Wolf then sought out the Center for Constitutional Rights' Michael Ratner to understand what she was missing. The Yoo memos seemed to say that the president's authority as commander in chief is not bound by any law, any treaty, or the protections of free speech, due process and the right to be free from unreasonable searches and seizures. "The First, Fourth and Fifth amendments -- gone," she wrote.
What [the Yoo memos] actually mean is that the president can order the military to operate in the U.S. and to operate without constitutional restrictions. They -- the military -- can pick you or me up in the U.S. for any reason and without any legal process. They would not have any restrictions on entering your house to search it, or to seize you. They can put you into a brig without any due process or going to court. (That's the Fourth and Fifth amendments.)
Who has suspended the law this way in the past? It is like a Caesar's law in Rome; a Mussolini's law in Italy; a Fuhrer's law in Germany; a Stalin's law in the Soviet Union. It is right down the line. It is enforcing the will of the dictator through the military.
Ratner says the biggest hint we had that this was coming was when the military picked up Jose Padilla, going to a civilian prison and "snatching" him off to a brig under the orders of the president.
During his 3 1/2 year military detention, Padilla's lawyers said he was subject to hooding, stress positions, assaults, and threats of imminent execution.
Warren Richey of the Christian Science Monitor reported:
"Padilla's cell measured nine feet by seven feet. The windows were covered over. There was a toilet and sink. The steel bunk was missing its mattress. He had no pillow. No sheet. No clock. No calendar. No radio. No television. No telephone calls. No visitors. Even Padilla's lawyer was prevented from seeing him for nearly two years....[Padilla's captors] punctured the extreme sensory deprivation with sensory overload, blasting him with harsh lights and pounding sounds."
Padilla also stated that he was "injected with a 'truth serum,' a substance his lawyers believe was LSD or PCP. Deprived of any view of the outside world, with the lights always kept on, Padilla had no way of knowing what time of day it was or what day of the week.

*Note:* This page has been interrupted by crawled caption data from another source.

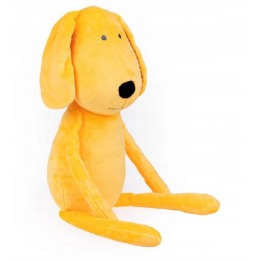 Snuggly Puppy 58 cm Orange Balibazoo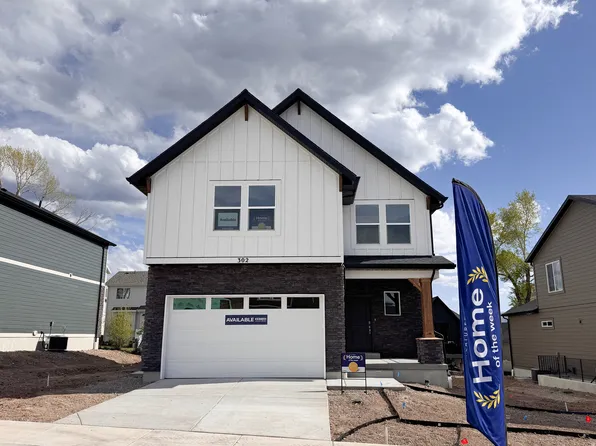 302 E Sadie Ct #125, Heber City, UT 84032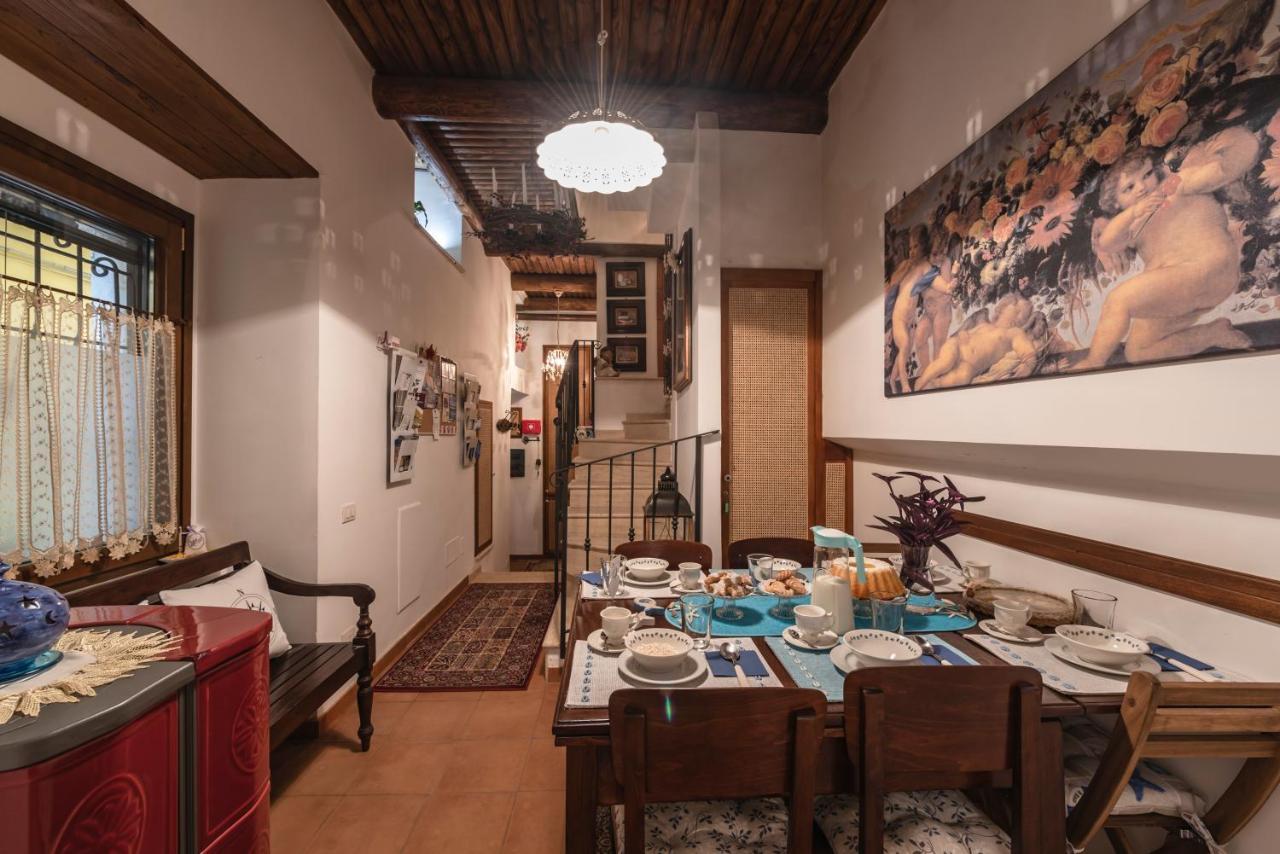 La Casa Degli Angeli Bed & Breakfast Salerno Exterior foto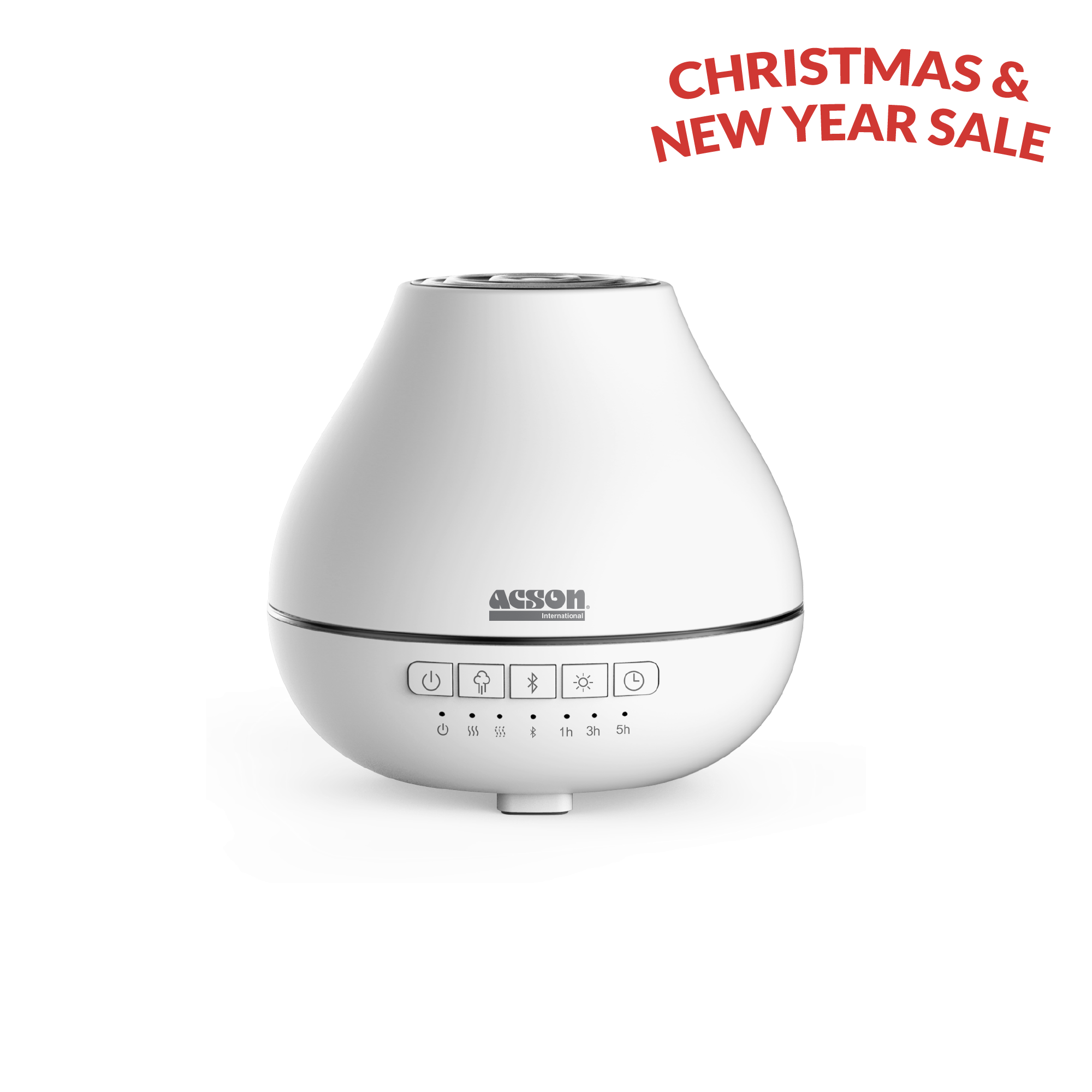 Aroma Diffuser Speaker (200ml)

Padilla's attorney Andrew Patel said, "I was told by members of the brig staff that Mr. Padilla's temperament was so docile and inactive that his behavior was like that of 'a piece of furniture.' " Patel described how it was difficult to work with Padilla in his defense, because "Mr. Padilla remains unsure if I and the other attorneys working on his case are actually his attorneys or another component of the government's interrogation scheme."
Padilla was found guilty based on the testimony of a terrorist suspect whose interrogation tapes were among those ordered destroyed by CIA chief General Michael Hayden. Paul Craig Roberts, former Assistant Secretary of the Treasury under Ronald Reagan and an editor of the Wall Street Journal, criticized the jury's verdict in the Padilla case as having "overthrown" the Constitution and doing far more damage to the US' liberty than any terrorist could.
Ratner states "We need the deterrence of prosecution so this does not happen again."
He said in the interview with Wolf:
Treason need not involve another state. Aaron Burr was tried for treason. The authority given by these memos that could be used to raid every congressional office, raid and search every home, detain tens of thousands, would certainly fit a definition of treason.
This would be the president making war against the institutions of the United States.